Beginning with the first line, return the material verbatim and without pictures.
BEGIN MATERIAL FOR THIS TASK
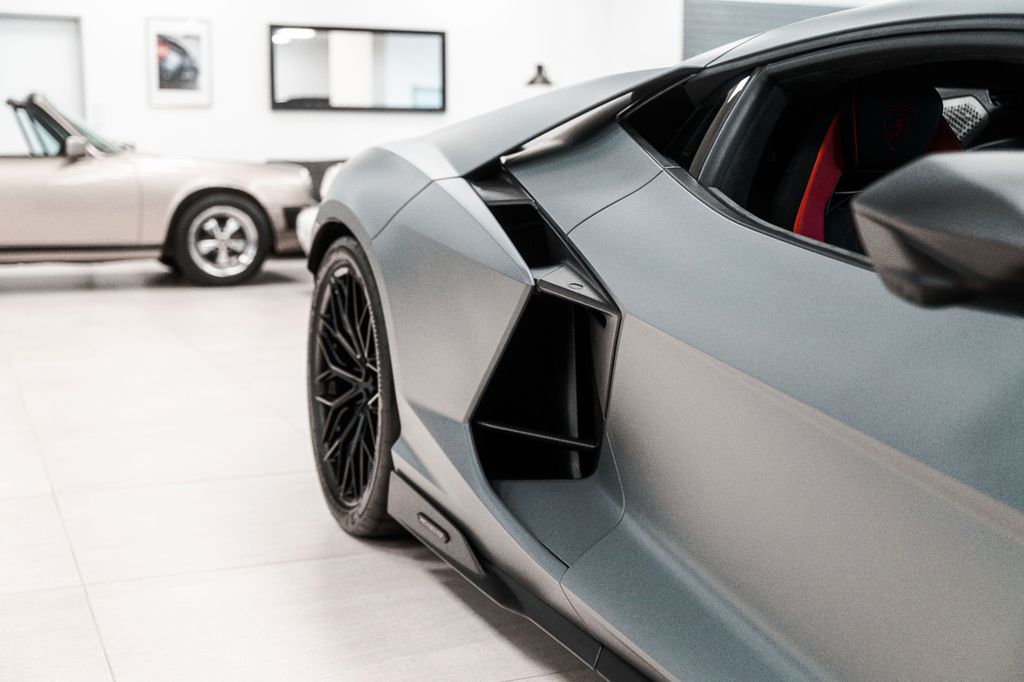 Lamborghini Revuelto 2025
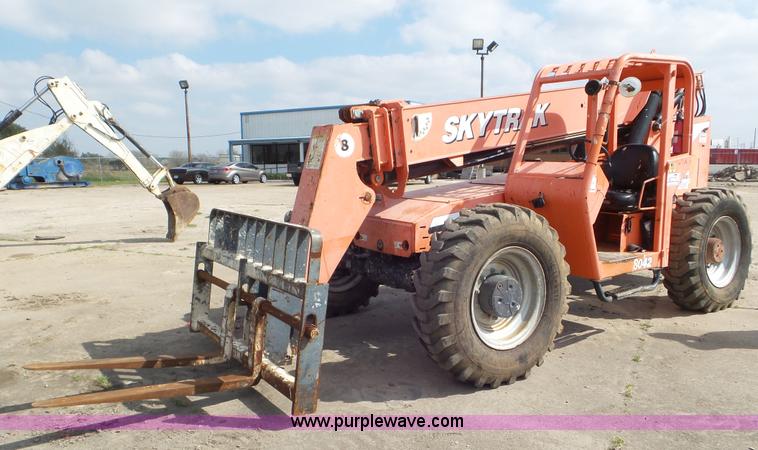 image for item K6964 2007 Sky Trak 8042 telehandler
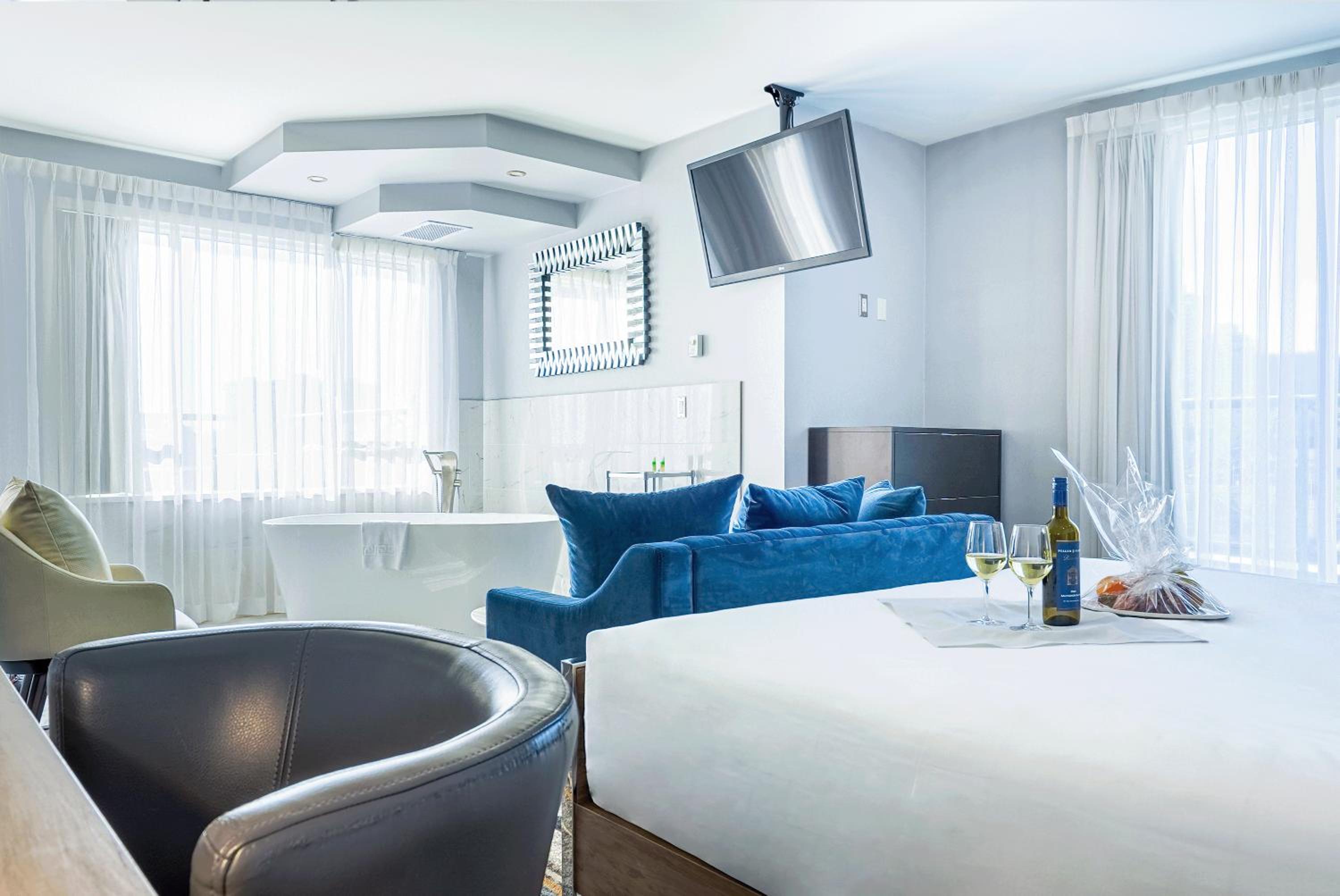 Empire Penthouse - Photo 4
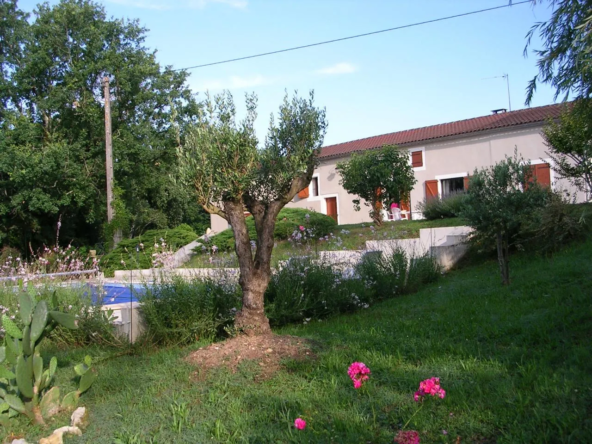 Longère Rénovée avec Piscine et Jardin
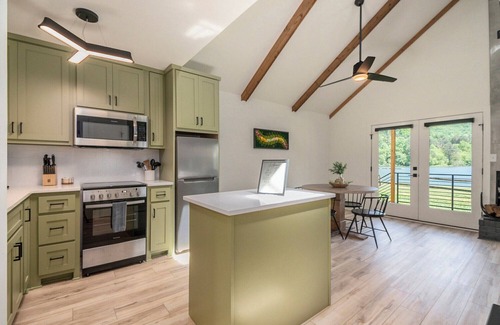 Hiawassee Cabin | 1BR + Loft Lake Chatuge Cabin w/Mountain Views! (Green Cabin)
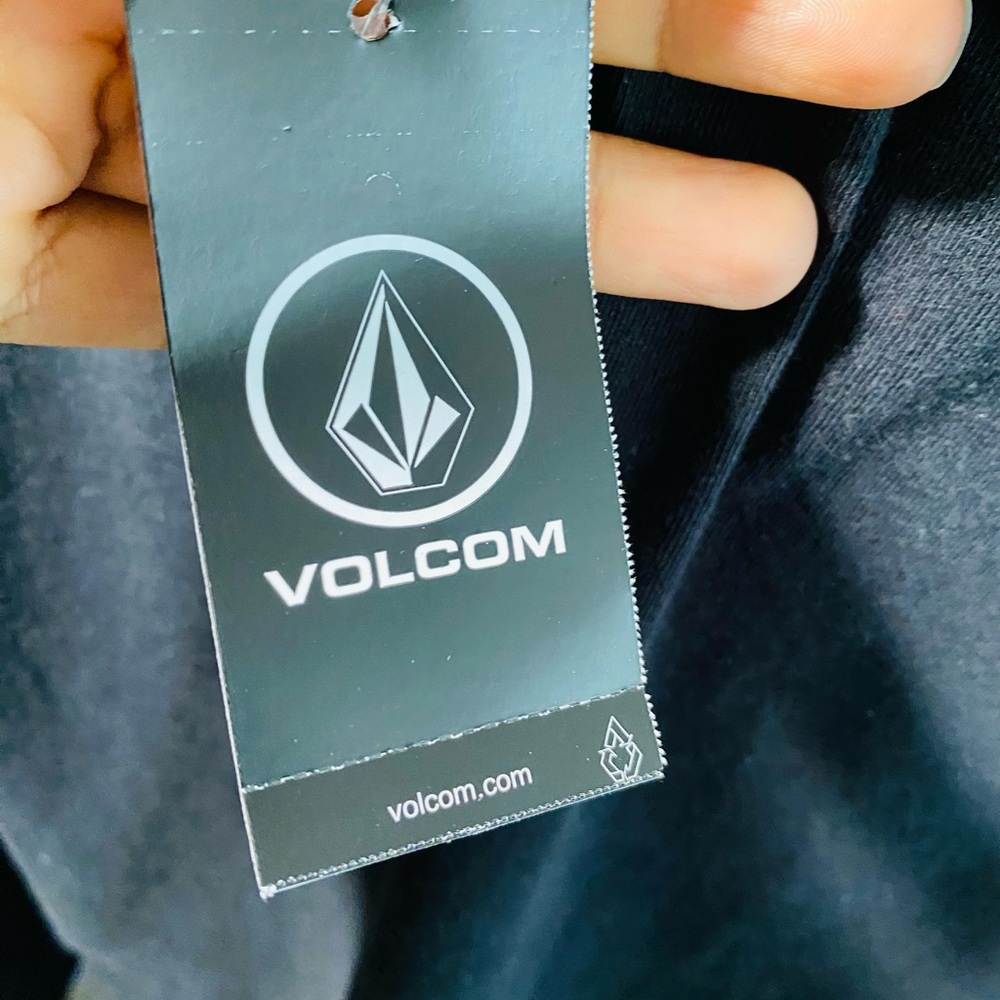 Volcom S - Picture 3 of 5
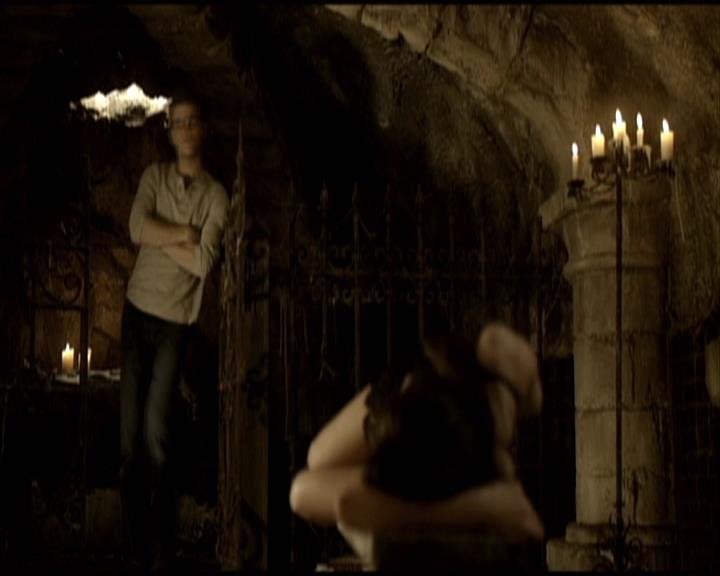 VampireDiariesWorld-dot-org_Seizoen2-DVDScenes-2x11ByTheLightOfTheMoon0053.jpg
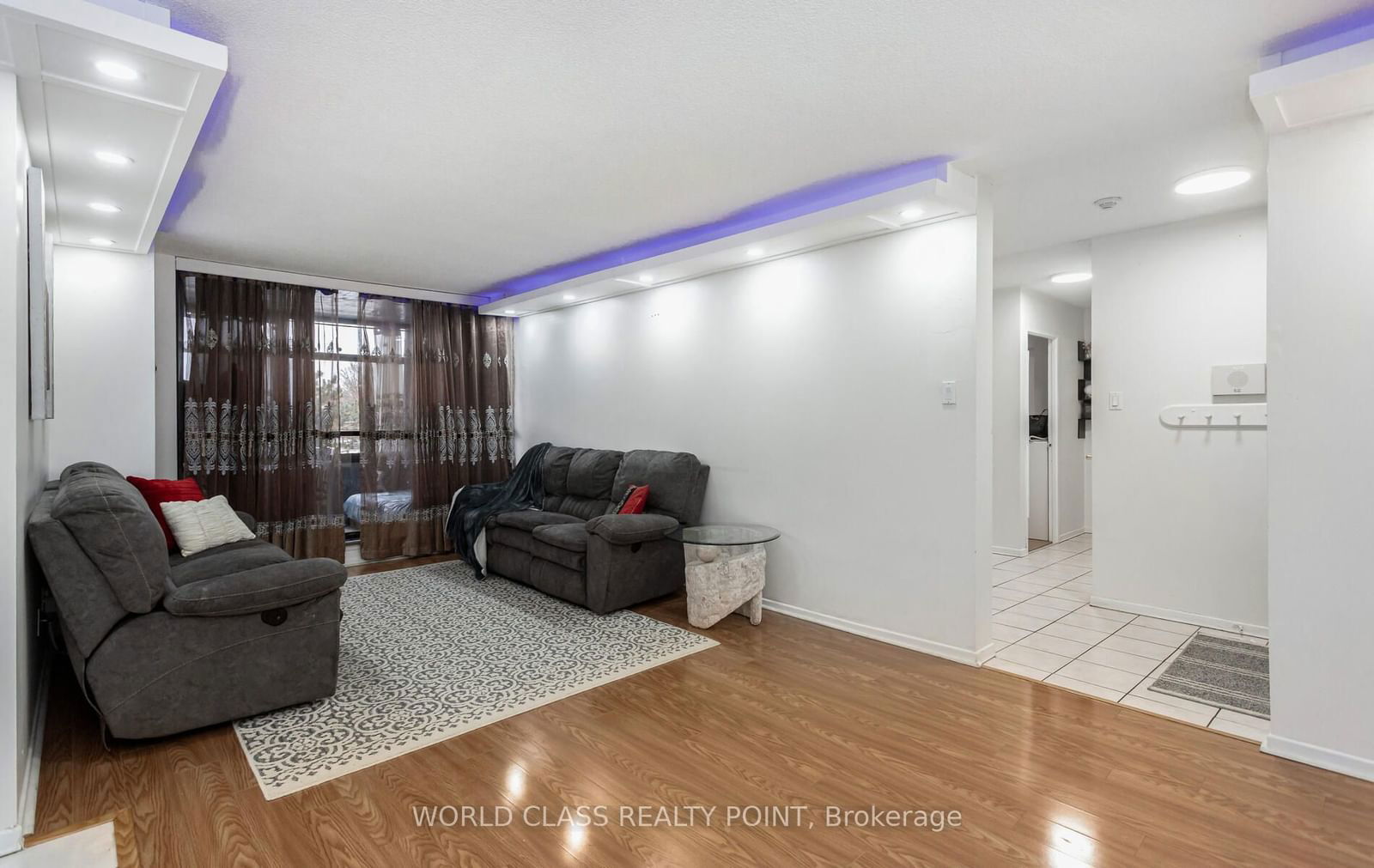 15 Kensington Rd W, unit 310 for sale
END MATERIAL FOR THIS TASK
RESPONSE TO THIS TASK —
 Lamborghini Revuelto 2025
 image for item K6964 2007 Sky Trak 8042 telehandler
 Empire Penthouse - Photo 4
 Longère Rénovée avec Piscine et Jardin
 Hiawassee Cabin | 1BR + Loft Lake Chatuge Cabin w/Mountain Views! (Green Cabin)
 Volcom S - Picture 3 of 5
 VampireDiariesWorld-dot-org_Seizoen2-DVDScenes-2x11ByTheLightOfTheMoon0053.jpg
 15 Kensington Rd W, unit 310 for sale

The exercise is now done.